Of course, he also stands to gain from the continuing absence of Marc Marquez as well. Now lining up on brand new equipment for the first time instead of year-old hand-me-downs from his former team-mate Crutchlow, Nakagami’s played a key role in developing the new bike.
In fact, Honda management have gone as far as to admit that the 2021 machine’s development nature has changed, as the bike becomes a more rider-friendly tool as the lessons of last year’s dire season finally sunk in.
That’s something that’ll aid Nakagami’s sophomore team-mate Alex Marquez too.
A proven world champion in Moto3 and Moto2, he was dumped into Honda late for the 2020 season, replacing Jorge Lorenzo after his unexpected retirement, then unceremoniously sacked by the Repsol-backed team before the season even began.

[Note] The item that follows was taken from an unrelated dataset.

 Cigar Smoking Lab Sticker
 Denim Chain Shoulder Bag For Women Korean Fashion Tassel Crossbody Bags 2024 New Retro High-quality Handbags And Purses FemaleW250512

But once bikes got on track he went about proving the doubters wrong.
Taking an excellent first podium finish in wet conditions at Le Mans, Marquez backed it up a week later with another in the dry at his home circuit Aragon – deflecting much of the criticism poured his way and taking Honda’s only two podium finishes of the season.
With a year of experience now under his belt, with the pressures of being the number one rider in the biggest team in the sport in your rookie season removed, and with the more relaxed atmosphere he’ll find at LCR, there’s no reason to believe that his results will go backwards in 2021 either – especially as his deal ensures that he’ll remain on the latest factory bikes.
With all that in mind, perhaps it’s not so unexpected that HRC might well be betting big on its second tier team for 2021.
Whether the LCR squad can deliver is still a question to be answered. It’s never had the pressure of expectation before.
But it does finally seem that after years of missteps, HRC has finally learned its lesson about how to treat satellite squads.